Cloudy with a chance of meatballs
Recently I have setup test environments on both the IBM MQ and Confluent Kafka cloud offerings. For both of these the setup was quick and simple.
Since many applications today are using client connections, switching from a locally hosted service to a cloud offering was as simple as changing the connection URL. From first connect to actively using, it was under an hour total. The most time was spent setting up security but even that was pretty fast.
You can certainly see the attraction of services like this, compared to what it takes to get a secure environment in place on your own. Most of the setup steps were automated and I didn’t need to worry about allocating hardware, operating systems, and all of the related configuration. Of course, not that any single piece of that is complex but it’s the entire process that takes the time. In my case, I didn’t need to involve anyone else to get this done.
Once up and running, I don’t even have to worry about operational details such as “making sure it is running”, or “managing the application load or failover”. The service provider managed all of this and I just needed to focus on using it. Another great time and resource saving.
I know that it sounds so perfect, and it seems like the way to go; but there are a few issues.

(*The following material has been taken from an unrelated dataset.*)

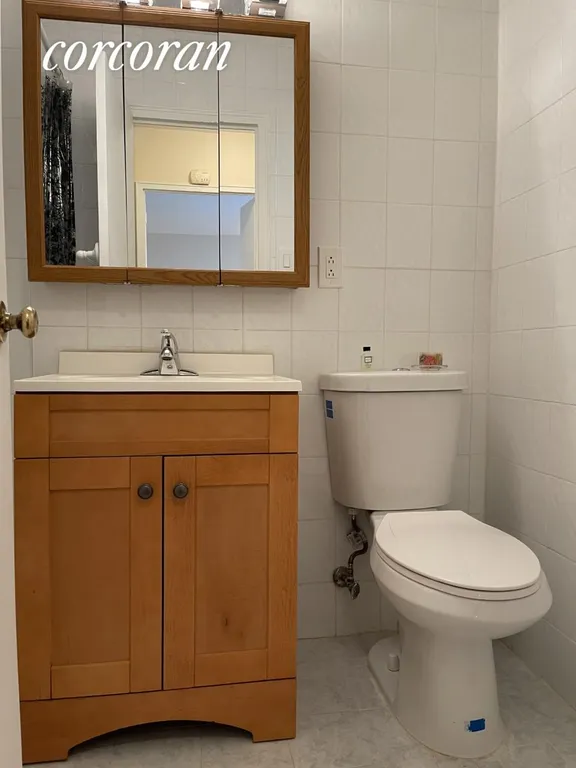 New York City Real Estate | View 305 East 40th Street, 11Z | Bathroom | View 4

Firstly, it creates some of the same problems we had with distributed systems in earlier days. While I have visibility into what I have setup, no one else does. That is, if my application is part of a larger application environment, what happens when the system I have created has problems? How is it tied into the overall view that the corporation has of the environment?
Another related concern is that these systems bill based on usage. So, what happens if my application logic has an issue. If you get into a message processing loop due to a bad message, how do you know this before it racks up a large bill?
As I noted, in many cases, you will need to tie into existing applications. These applications may not be configured optimally to match the new environment. It is possible they weren’t written efficiently to begin with, which local systems may have tolerated. Now that they are leveraging cloud services, small latency issues may impact overall performance. How do you find these?
And finally, while the key infrastructure pieces are created, you still need to create the applications to use it and are responsible for setting up the artifacts in them. While again, these systems come with integrated tooling, this tooling is vendor specific.
While these cloud offerings are attractive, they still come with a significant (if hidden) cost, and careful planning is required to be able to provide a reliable, secure and high performing service.